The time for complete disclosure is when the application is submitted. Mr. Aoun
is correct that visa officers are instructed by Departmental policy to be alert
to the possibility of minor or innocent errors and not to blindly apply section
40 to every situation where it may technically apply. However, that does not mean
the failure to disclose important information ought to be routinely excused.
[14]
Our immigration system relies heavily on the
honesty and good faith of visa applicants. Those standards would quickly erode
if there were few, if any, consequences for withholding potentially material
information from a visa application.

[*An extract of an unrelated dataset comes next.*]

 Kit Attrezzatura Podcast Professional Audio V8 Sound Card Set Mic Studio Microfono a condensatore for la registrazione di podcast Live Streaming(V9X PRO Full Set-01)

I recently made the same point in the
case of Bundhel v MCI, 2014 FC 1147, 247 A.C.W.S. (3d) 923, which
involved a similar failure to disclose information. In that case, a very
similar argument was made with respect to two serious criminal charges against
the applicant that were ultimately dismissed. The applicant argued that his
acquittal rendered the requested information immaterial. The visa officer
disagreed and I upheld that decision on the following basis:
[9] The fact is, our system of
immigration control relies heavily on the truthfulness of those who apply to
come here. Those who misrepresent their histories or withhold material
information with a view to enhancing their chances for entry are undeserving of
special consideration. The consequences for Mr. Bundhel are undoubtedly serious
but they result from his failure to disclose material information. The
integrity of Canada’s control over its borders demands nothing less than scrupulous
honesty from applicants and the rigid enforcement of that obligation. The
Officer’s decision fulfills this principle and is in all respects reasonable.
[15]
In my view, the visa officer’s finding that
Ms. Aoun had breached the statutory obligation of full disclosure by
withholding material information from her visa application was reasonable and,
therefore, lawful. This application is, accordingly, dismissed.
[16]
Neither party proposed a certified question and
no issue of general importance arises on this record.